__Records for this task__
--------------------------------

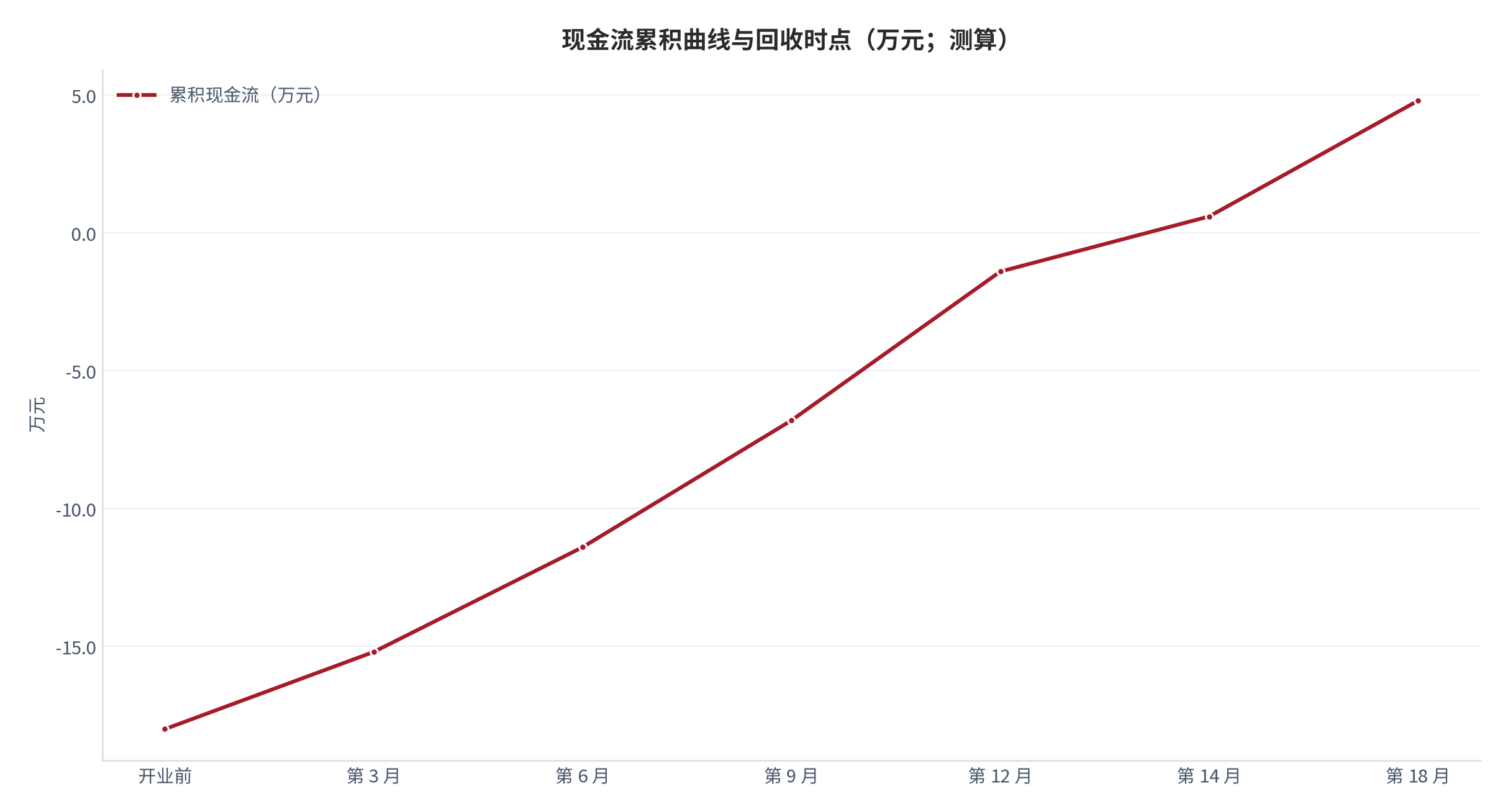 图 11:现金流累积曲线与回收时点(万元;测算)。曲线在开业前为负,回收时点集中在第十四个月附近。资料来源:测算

--------------------------------

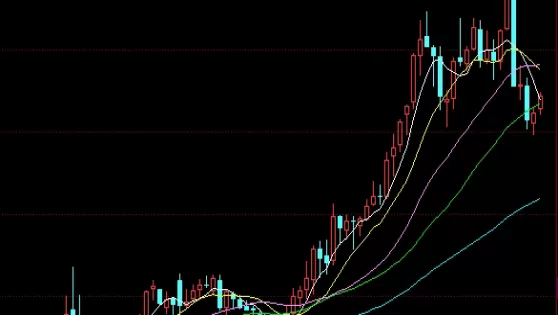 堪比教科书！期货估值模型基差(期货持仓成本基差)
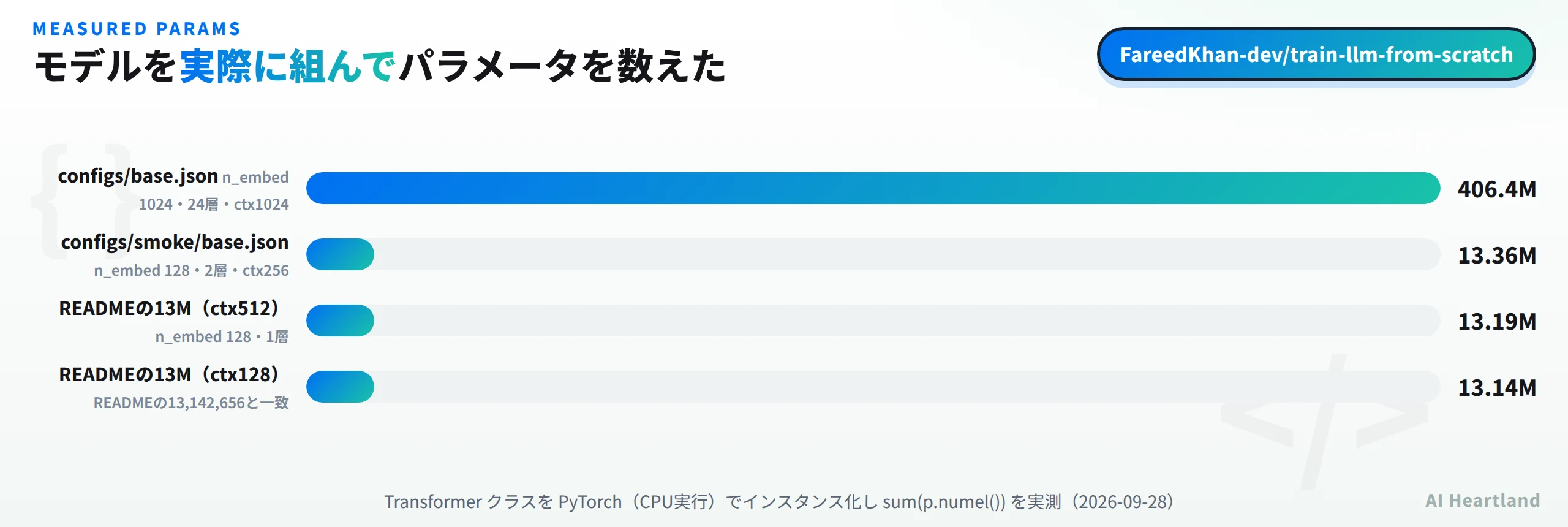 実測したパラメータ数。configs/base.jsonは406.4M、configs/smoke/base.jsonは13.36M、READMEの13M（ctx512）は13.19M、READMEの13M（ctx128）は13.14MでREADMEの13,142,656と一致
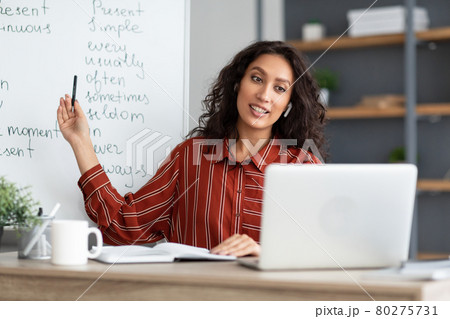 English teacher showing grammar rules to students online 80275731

--------------------------------

__Work instruction__
Nothing but the lines from the one with "実測したパラメータ数。con" up to and including the one with "English teacher showing" should be printed, exactly as they read above. Please keep the pictures out.

__Your response__
 実測したパラメータ数。configs/base.jsonは406.4M、configs/smoke/base.jsonは13.36M、READMEの13M（ctx512）は13.19M、READMEの13M（ctx128）は13.14MでREADMEの13,142,656と一致
 English teacher showing grammar rules to students online 80275731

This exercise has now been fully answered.